Children's book series by Jory John

The Food Group is a children's book series by American author Jory John, illustrated by Pete Oswald and published by HarperCollins between 2017 and 2021. The series includes seven books: The Bad Seed (2017), The Good Egg (2019), The Cool Bean (2019), The Couch Potato (2020), The Good Egg Presents: The Great Eggscape! (2020), The Smart Cookie (2021), and The Bad Seed Presents: The Good, the Bad, and the Spooky (2021), The Sour Grape (2022), The Big Cheese (2023), and The Cool Bean Presents: As Cool as It Gets

All five released books have been on The New York Times Bestseller List for children's picture books. The Good Egg landed the number one spot.

== The Bad Seed ==
The Bad Seed, initially published on August 29, 2017, then republished May 8, 2018, is a children's book about self-acceptance.

The book was a New York Times bestseller for children's picture books and received a starred review from School Library Journal, as well as the following accolades:

- Junior Library Guild selection
- Washington Children’s Choice Picture Book Award Nominee (2019)
- North Carolina Children's Book Award Final Nominee (2019)
- Los Angeles Public Library Best of 2017: Children’s Books

== The Good Egg ==
The Good Egg, published on February 12, 2019, is a children's book about self-care.

The book landed the number one position on The New York Times bestseller list for children's pictures books. It received starred reviews from Kirkus Reviews and Booklist, as well as the following accolades:

- Junior Library Guild selection
- Goodreads Choice Award Nominee for Picture Books (2019)
- NPR's Book Concierge Selection (2019)
- Monarch Award Nominee (2021)

== The Cool Bean ==
The Cool Bean, published on December 3, 2019, is a children's book about self-esteem.
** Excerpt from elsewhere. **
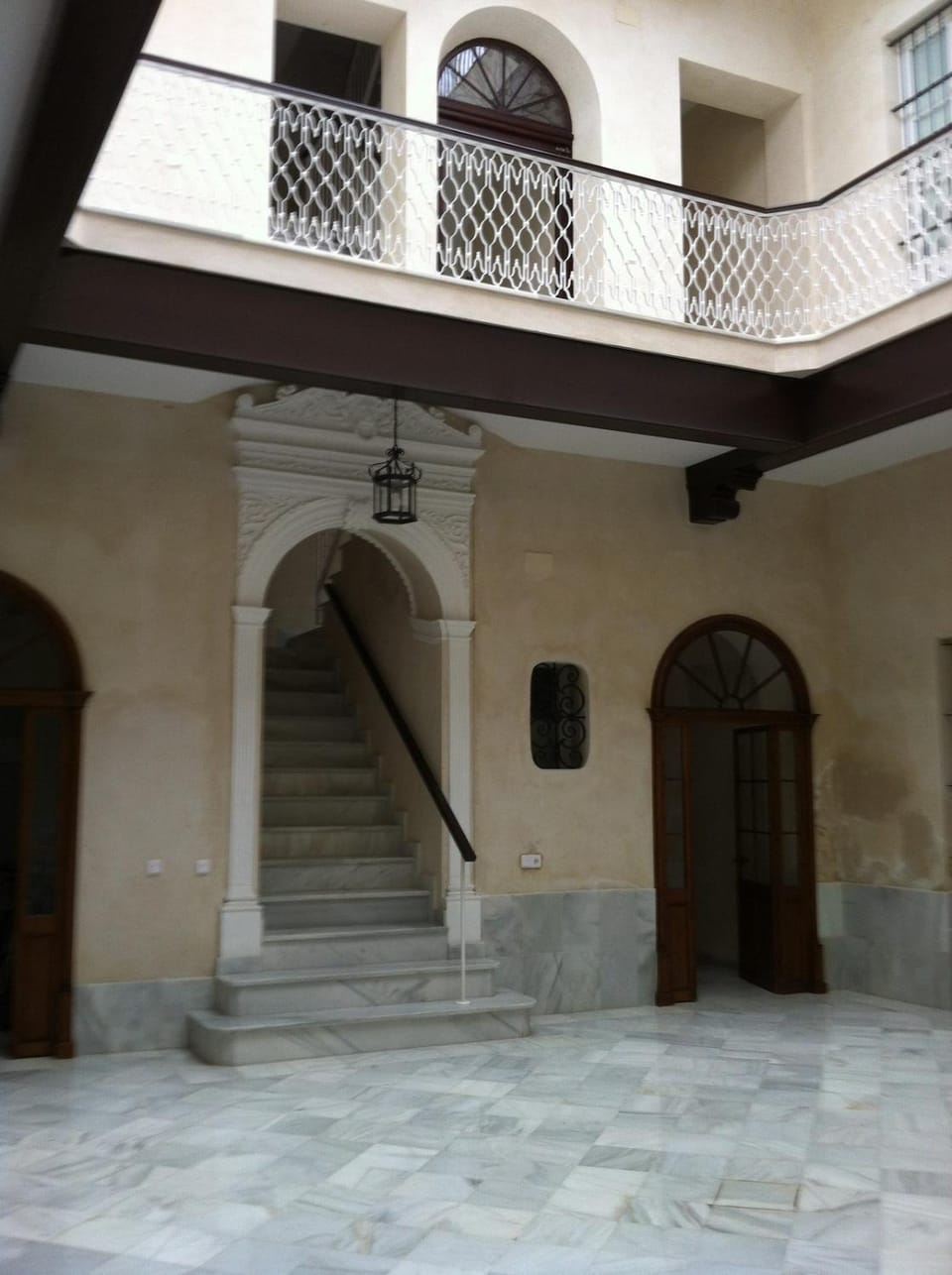 Casa Palacio en Casco Antiguo SE PIDE FIANZA Apartment in El Puerto de Santa María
The book was a New York Times bestseller for children's picture books. It received a starred review from School Library Journal and was a Goodreads Choice Award Nominee for Picture Books in 2020.

== The Good Egg Presents ==
The Good Egg Presents: The Great Eggscape!, published on February 11, 2020, is a children's book about teamwork.

The book was a New York Times bestseller for children's picture books.

== The Couch Potato ==
The Couch Potato, published on November 3, 2020, is a children's book about self-management.

The book was a New York Times bestseller for children's picture books, and Indie Bestseller, and an Indie Next List Selection.

== The Bad Seed Presents ==
The Bad Seed Presents: The Good, the Bad, and the Spooky was published on July 27, 2021.

The book was a New York Times bestseller for children's picture books.

== The Smart Cookie ==
The Smart Cookie was published on November 2, 2021, is a children's book about Confidence.

== The Sour Grape ==
The Sour Grape was published on November 1, 2022, is a children's book about Forgiveness and Compassion.

== The Big Cheese ==
The Big Cheese is a children's book about Self-Awareness and Sportsmanship. It was published on November 7, 2023.